Y a decir verdad, los hechos parecen
darnos la razón. De esta manera, muchos pretenden que el Estado todopoderoso
regule acuciosamente o incluso domine por completo los aspectos más esenciales
de nuestras vidas: la educación –y por tanto, lo que debemos saber y pensar–,
la producción de bienes y servicios –y en consecuencia, lo que debemos realizar
y emprender–, o incluso nuestras creencias –y por ende, aquello que debemos
sentir y anhelar–. Todo, se insiste, para que los sujetos puedan ser más libres
y dirigir sus vidas como les plazca, gracias a este guardián que en teoría,
impediría que los más poderosos –salvo el propio Estado, evidentemente– abusen
de los más débiles.
Sin embargo, si el Estado se encarga
como un buen padre de familia de todo esto, ¿qué libertad subsiste para sus
amados hijos?

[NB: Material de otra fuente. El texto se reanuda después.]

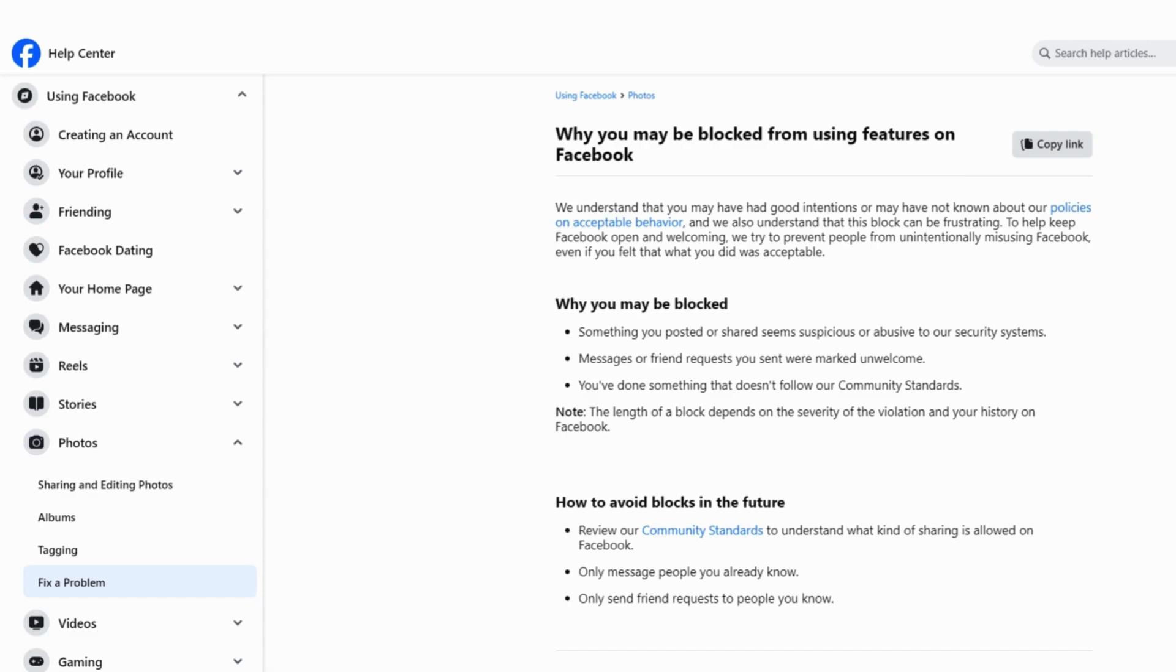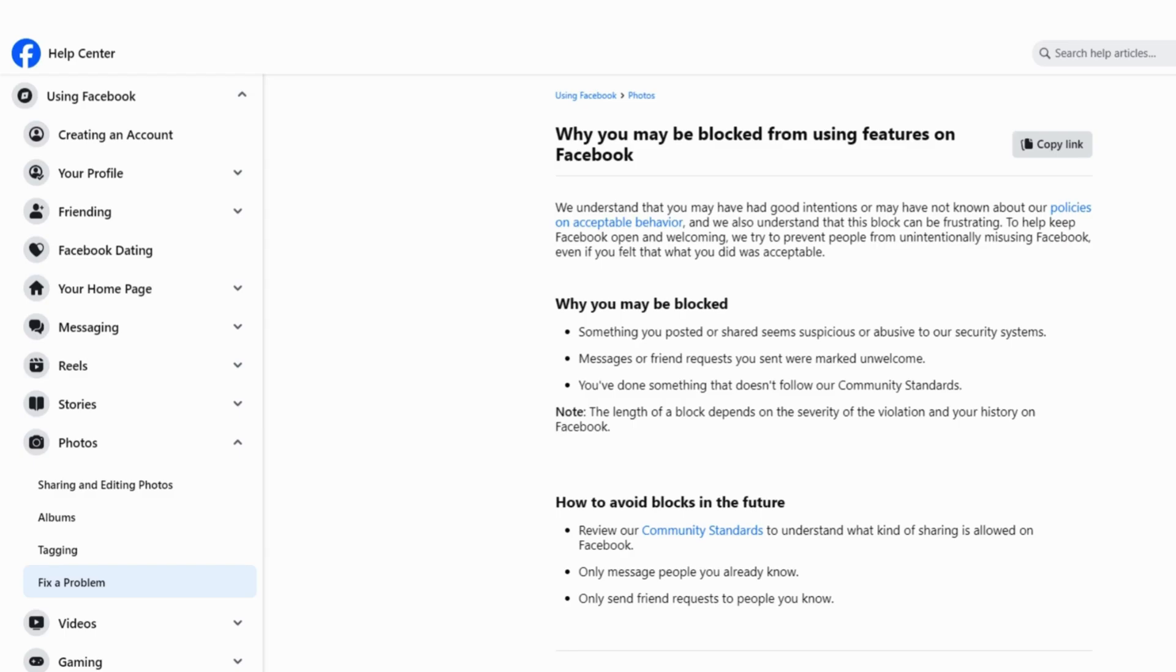Lastly, if all else fails or if you think it's just a mistake, hit up Facebook support. You can swing by the Facebook help center or use the support options on the platform. Remember that steps might change a bit based on your situation. And that's it.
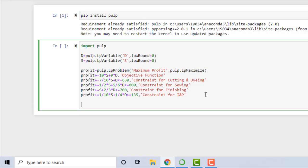Now we are ready to solve the question. The function to solve a linear programming problem is the solve function — just type 'profit.solve()'. This means all objective function constraints are loaded into the profit variable, and the solve function finds the optimal values. To see the results, we first look at the decision variable values to figure out how many standard bags and deluxe bags to manufacture.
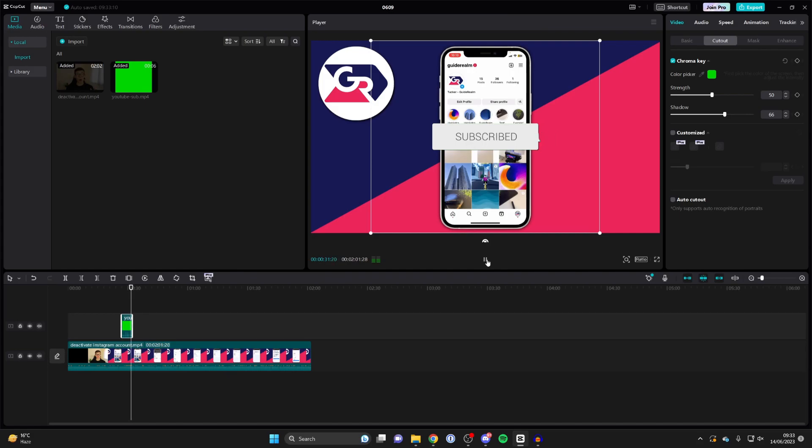That's it guys. That's how you can use the green screen tool and remove the green screen in CapCut.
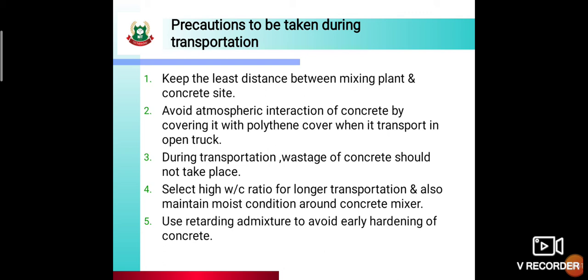Another precaution is to use a retarding admixture to avoid early hardening of concrete. An admixture is an extra ingredient used in concrete at the time of mixing. Its benefit is that it saves the concrete from early hardening — it does not let the concrete harden prematurely. If the concrete hardens before reaching the site, it will be of no use.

Si aquello que pensamos, queremos o sentimos se encuentra
secuestrado y dictaminado por la autoridad, ¿qué queda para nosotros?
Ahora, si algunos creen que son más
libres porque pueden tener drogas, sexo o diversión a su antojo, no solo se han
formado un pobre y errado concepto de ella, sino que tal vez sin saberlo, han
claudicado respecto de lo realmente importante para hacer posible la verdadera
libertad.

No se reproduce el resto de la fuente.